Years earlier, when I was still a kid in my twenties; I became friends with this guy on the Jersey shore from just seeing each other on the beach when we surfed. He grew up in the next town over in Asbury. He once told me that he met this couple from far off in Eastern Europe somewhere, and they traveled all the way down to Asbury Park just to see where Bruce grew up. He could not believe it, because at that time Asbury Park was such a dive of a town. He knew Springsteen well and spoke of how Bruce would act when they hung out together. He had a deep respect for him being just a regular guy with his friends.

My first year of college was also spent down in this same area in Long Branch, New Jersey. Monmouth College was a shore school with toga parties in frat houses. Ironically, at the end of 1979, I was 18 years old and living just a few miles from Asbury Park. I went to local shore clubs to see bands such as Southside Johnny and John Mayall’s Bluebreakers. John was a killer harp player. The main club known as the Stone Pony in Asbury was notorious. Bruce happened to pop in and play there all the time in the late 70’s, early 80’s. Although I never went to see him, college kids and friends would always alert me and say, “Hey, Paul, come on, Bruce will be playing tonight. Let’s go check him out,” whenever they heard. But I could care less, perhaps due to the fact that he was all over top 40 radio constantly, just really off my radar of what I was soaking in. I suppose with Elvis Costello, the Dead and Talking Heads occupying my ears, I just never paid Bruce much mind. I must say I was sadly mistaken about him then. In retrospect he was more a powerful force who, I found out later, happened to be discovered by John Hammond, the same producer who discovered Aretha Franklin and Dylan.

Years later, the work I did with Bruce together through his team turned me on to his music more organically to allow me to enjoy all it offers. I have seen Bruce play many shows since that time. No doubt I now wish that I had listened to my friends who had gone to hear Springsteen play live back then in the small pony of a venue in Asbury Park, NJ.

Politically Bruce Springsteen and I are on the same page. I like when he often goes into his usual poetic-preached-constitutional sermon half way through his later shows, which seems to cue all the yokels to go grab a beer.
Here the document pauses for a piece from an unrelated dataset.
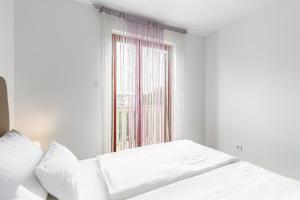 a white bedroom with a bed and a window at Apartments Mike in Malinska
I actually enjoy his earnest warning signs for the youth…to think next time, hard and long, when Uncle Sam’s TV spot is asking you to go on an adventure before getting yourself killed…in reality some huge oil company’s conflict was the gist of it. Today the army is a mind twisting experience for young children out of high school easily seduced. The kids take the bait, but come back from it all - different, broken, with images they will never forget for the rest of their lives if they come back at all.

In my own youth, after college and fresh out of SVA in New York City, heading to SoHo to be a fine artist really helped me out in so many ways. The experience of my early introduction into the fine art world and time spent cutting my chops, paying dues helped out tremendously with the amount of artwork I did for Springsteen a decade later, from the paintings and logo icons to the stage sets and commissions, became a real thrill and boost to my career. Being paid to listen to his music and paint works of art inspired by it was a bit of a dream come true in the afterglow.

Springsteen used my art to promote his art, his story telling in music. That is something I will always cherish. I suppose his nickname, the Boss, rings true for me. For a spell he was sort of my boss, too.